Festival dell'Economia 2012, Trento

La profonda crisi economica ha messo a dura prova la dicotomia tra pubblico e privato

La profonda crisi economica, che ha investito a livello mondiale tutte le generazioni, ha messo a dura prova la dicotomia tra pubblico e privato sulla quale si è deciso di edificare la logica di mercato e, nel ragionare su quali siano stati i fattori che abbiano condotto all’attuale fase recessiva, gli studiosi si sono accorti che il sistema economico e sociale cui facciamo riferimento non tiene conto della terza parte che regola la realtà  circostante: il comune.

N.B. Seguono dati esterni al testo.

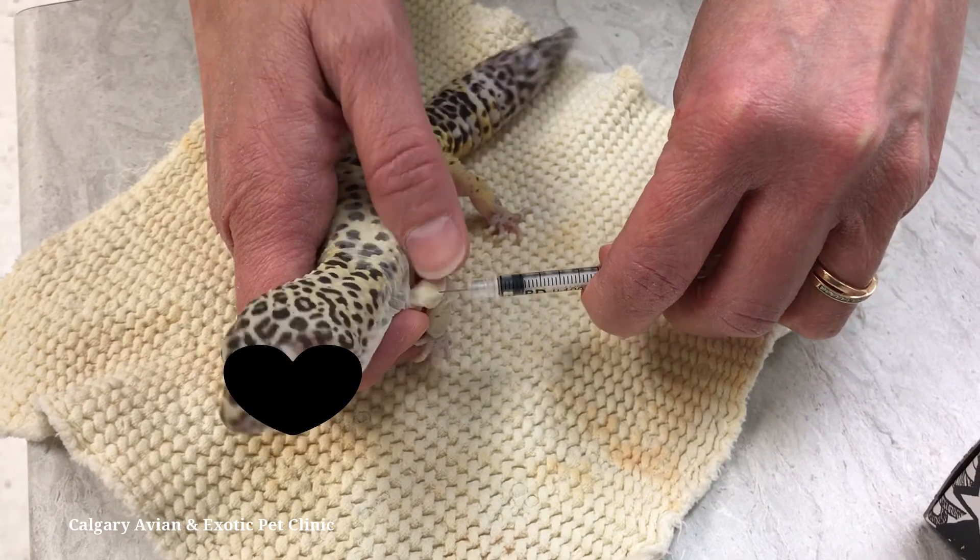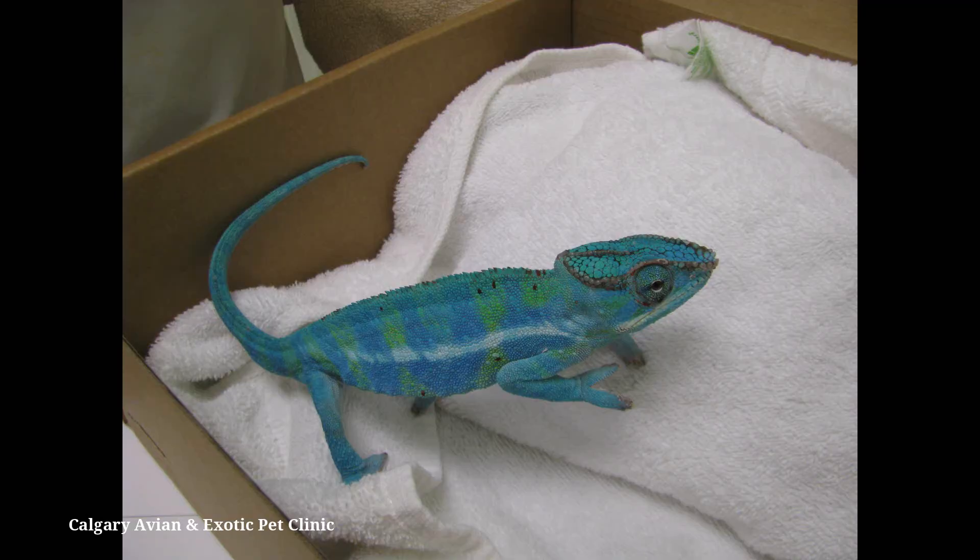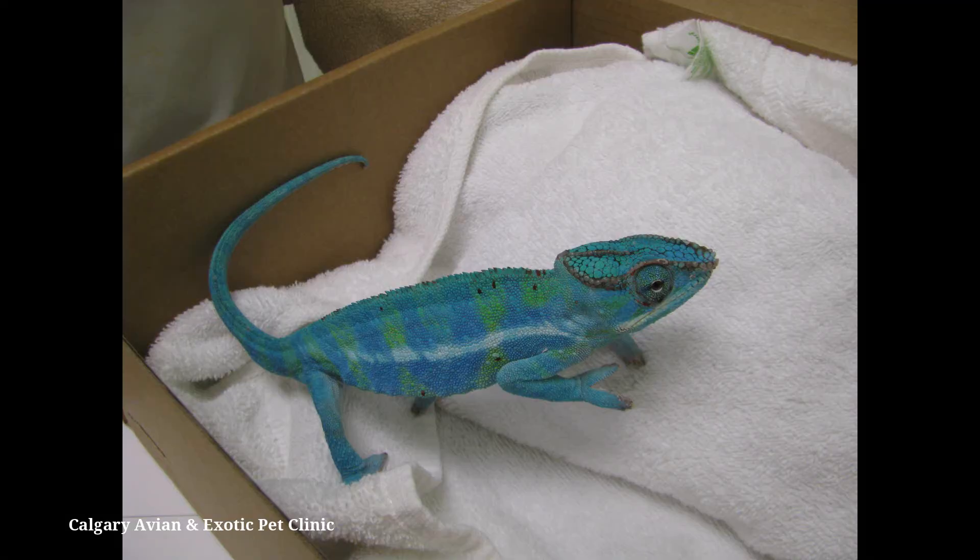Please note that chameleons can often have a localized color change to the skin following the injection. This usually resolves within a few hours or days but could last weeks.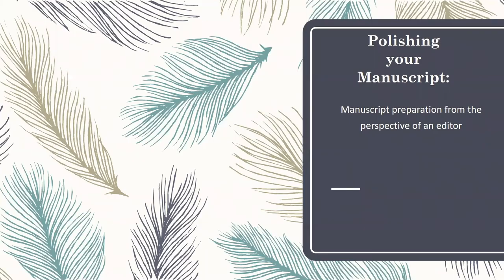Good afternoon and thank you for joining me for Polishing Your Manuscript: Manuscript Preparation from the Perspective of an Editor. My name is Josiah Davis and I would like to thank Audrey and the Wright Services for allowing me to host this class here for you today. I'll be presenting this course in three parts, three different sections that I believe will be useful to you both as an author and giving you some insight as to the professional industry side of things.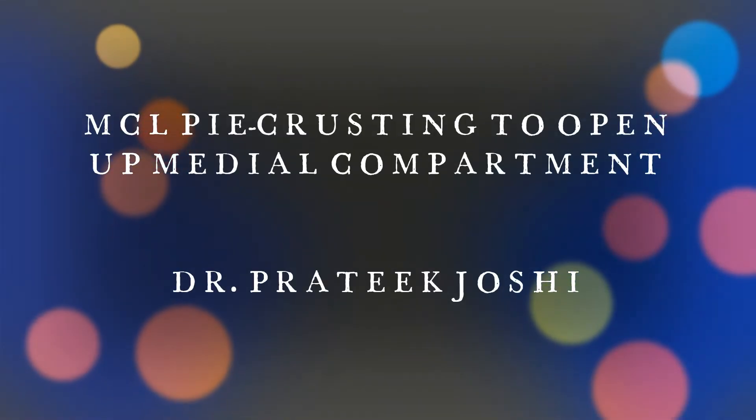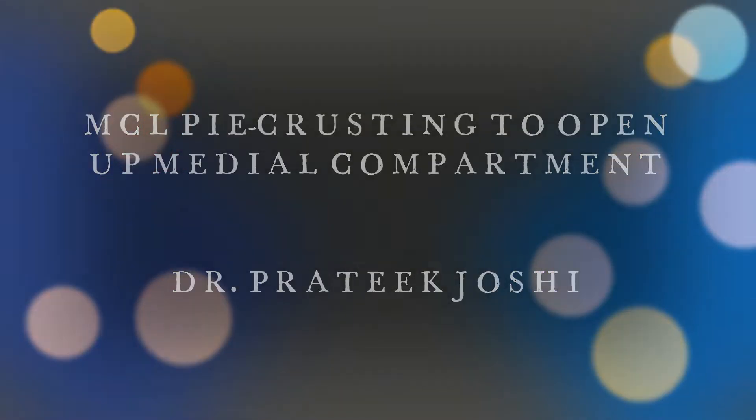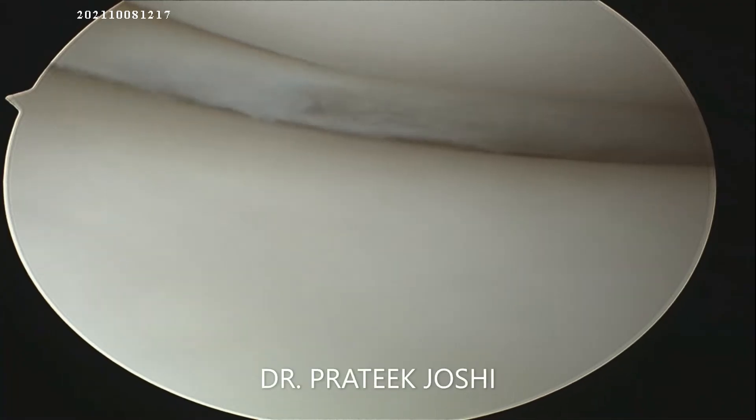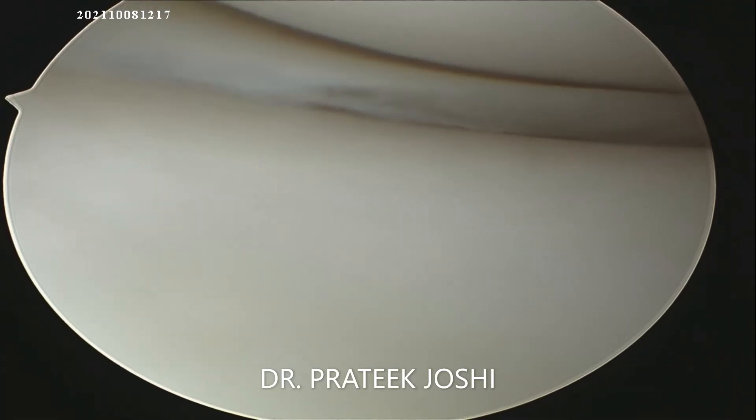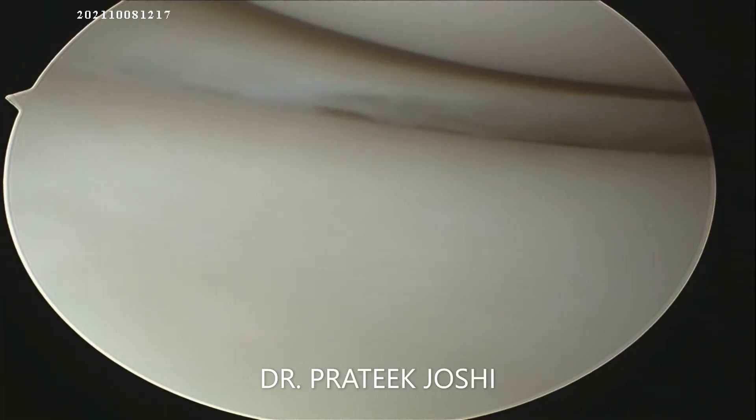Hello everyone, I am Dr. Pratik. Today we have a case of a young patient with bucket handle medial meniscus tear with a very tight medial compartment. In this case, we are going to do MCL pie crusting to open up the medial compartment so that we can repair the medial meniscus tear.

Beni comuni e Beni pubblici

Come evidenziato da Remo Bodei, esistono dei beni che hanno una vita più lunga di quella dell’uomo e che, addirittura, ” vivono più vite attraverso le generazioni ” . Questi beni, i beni comuni, non sono i beni di nessuno, bensì, sono i beni di tutti e, se contestualizzati in un discorso economico, non possono che essere ricompresi all’interno di quel welfare state introdotto per la prima volta da Bismarck ed importato in Italia da Giolitti. Tuttavia, proprio perché lontani dal concetto di bene pubblico, la garanzia che i beni comuni siano tutelati, e possano creare valore aggiunto attraverso la loro trasmissione da una generazione all’altra, non può essere attribuita (solo) allo Stato. Quest’ultimo, certamente, deve fornire gli strumenti affinché chiunque possa adoperarsi per la loro cura e, in ultima istanza, deve hobbesianamente assicurarsi che non vengano messi a repentaglio da scelte poco lungimiranti, però, non essendone proprietario, deve altresìlasciare che sia la prassi quotidiana della collettività  a facilitarne la trasmissione tra generazioni. In un’ottica dantesca di ” orgoglio nel dare più di quanto si è ricevuto ” , quindi, i possessori dei beni comuni non devono percorrere la strada asfaltata del do ut des (sulla quale sono stati fin’ora guidati), ma, al contrario, devono sperimentare il sentiero sterrato della circolarità  intesa nel senso di dare, ricevere e riconsegnare.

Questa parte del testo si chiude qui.